How Do Programs Interact Across Children’s Lives? Short and Long Run Effects of the War on Poverty

Marianne Bitler, UC Davis

Amount: $75,000

 

A growing body of research documents that early-life experiences shape individuals’ well-being. A smaller but emerging

literature finds that government interventions can also positively affect these same later-life outcomes. However, the channels through which these effects operate are still largely unknown. This project will shed light on those channels by addressing the following questions: How do the immediate impacts of early-life environments translate into longer-run changes in individuals’ well-being and self-sufficiency? How do these effects vary across the life cycle? Do different public investments in children build on one another in the short and long run? To answer these questions, this project will create a new national panel data set that captures geographic and time variation in large-scale health, early child education, and nutrition interventions. A key aim will be to test how these programs interact with each other across children’s life courses and to explore the effects of policy complementarities, studying how programs can provide children a scaffolding of support across different ages.

 

The Returns of an Additional Year of Schooling: The Case of State-Mandated Kindergarten

Jade Jenkins and Maria Rueda-Rosales, UC Irvine

Amount: $75,000

(See above for description)

 

Identifying Effective Career Pathways for Disadvantaged Students in Community College

Harry Holzer, Georgetown University

Amount: $40,000

 

“Career pathways” (CPs) are fast becoming one of the most frequently discussed models of workforce education and training in the US for disadvantaged youth and adults.
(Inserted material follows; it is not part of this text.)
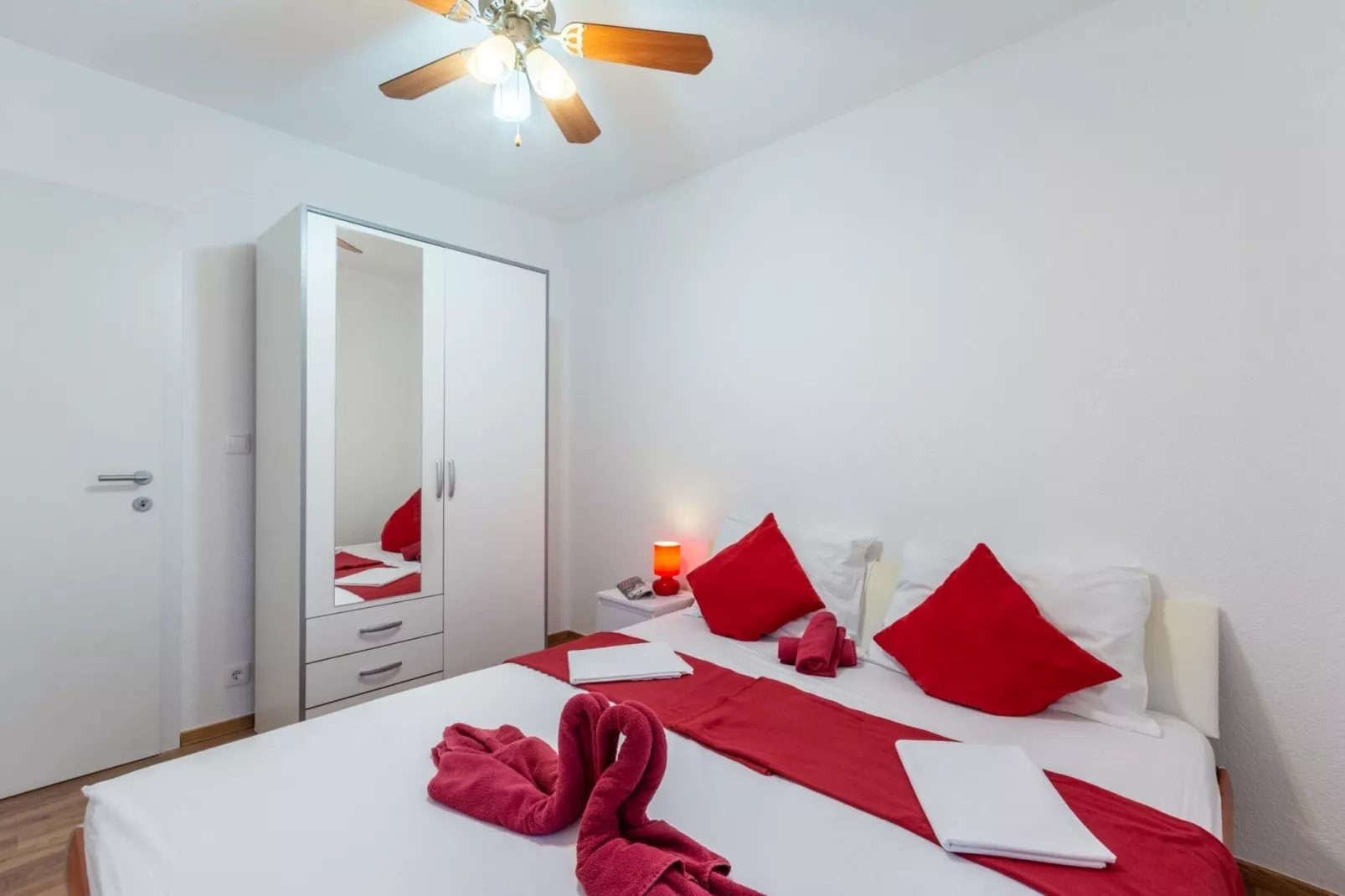 Apartments Palma - Two Bedroom Apartment with Balcony and Sea View  ( Veliki )-Bedroom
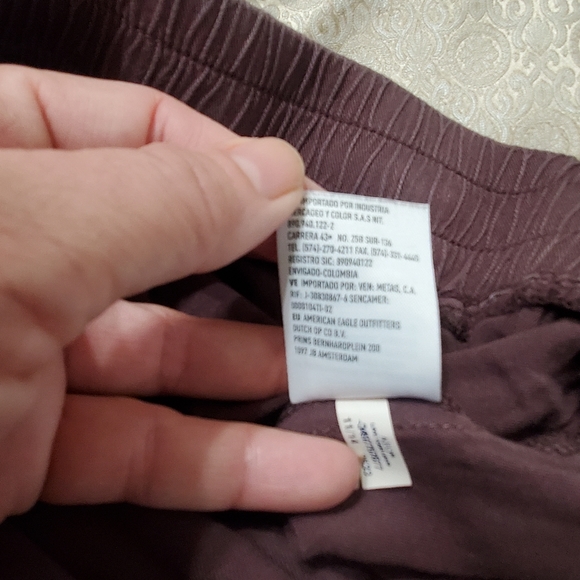 American Eagle AEO Maroon Red Purple Relaxed Fit Distressed Joggers Pants Large - Picture 7 of 9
The development of CPs and their accelerated use is driven in part by the 2014 Workforce Innovation and Opportunity Act (WIOA), which requires states to establish CPs as a key component of workforce training. But, for all of the proliferation of CPs, the programs mostly have low enrollments, and we have remarkably little empirical evidence on which pathways generate successful outcomes for different populations of disadvantaged students, in terms of the attainment of postsecondary credential and higher earnings. This project will identify successful pathways for disadvantaged students, by focusing more specifically on whether these pathways generate causal impacts on student outcomes. Identifying such pathways and establishing their impacts could greatly improve our ability to help disadvantaged students choose appropriate pathways in community colleges, and our ability to build pathways along which they can progress and attain the credentials and jobs that will raise their self-sufficiency over the long run.

 

Merging Administrative Data to Test the Impact of the $15 Seattle Minimum Wage on Household Poverty

Jennifer Romich, Mark Long, and Jacob Vigdor, University of Washington

Amount: $40,000

 

The first two decades of the 21st century have seen considerable changes in state and local minimum wages alongside calls for parallel changes at the federal level. Well over half the U.S. population now lives in areas subject to wage floors above the federal minimum of $7.25 per hour, and more than three dozen counties or cities have raised hourly minimums to rates as high as $15. Advocates claim that higher minimum wages will meaningfully reduce poverty and improve the material well-being of low-income workers and their families. Countering voices suggest that the benefits from higher minimum wages accrue largely to workers from non-poor families, and wage mandates may harm the poor by reducing employment opportunities or reducing scheduled hours. Many important questions about the impact of minimum wage laws concern how wage mandates affect households as well as whether and how impacts vary across different demographic groups. This project will create the first scholarly evidence about how Seattle’s $15 minimum wage affected poverty and will serve as a model for future comprehensive analyses of local minimum wages and related anti-poverty studies.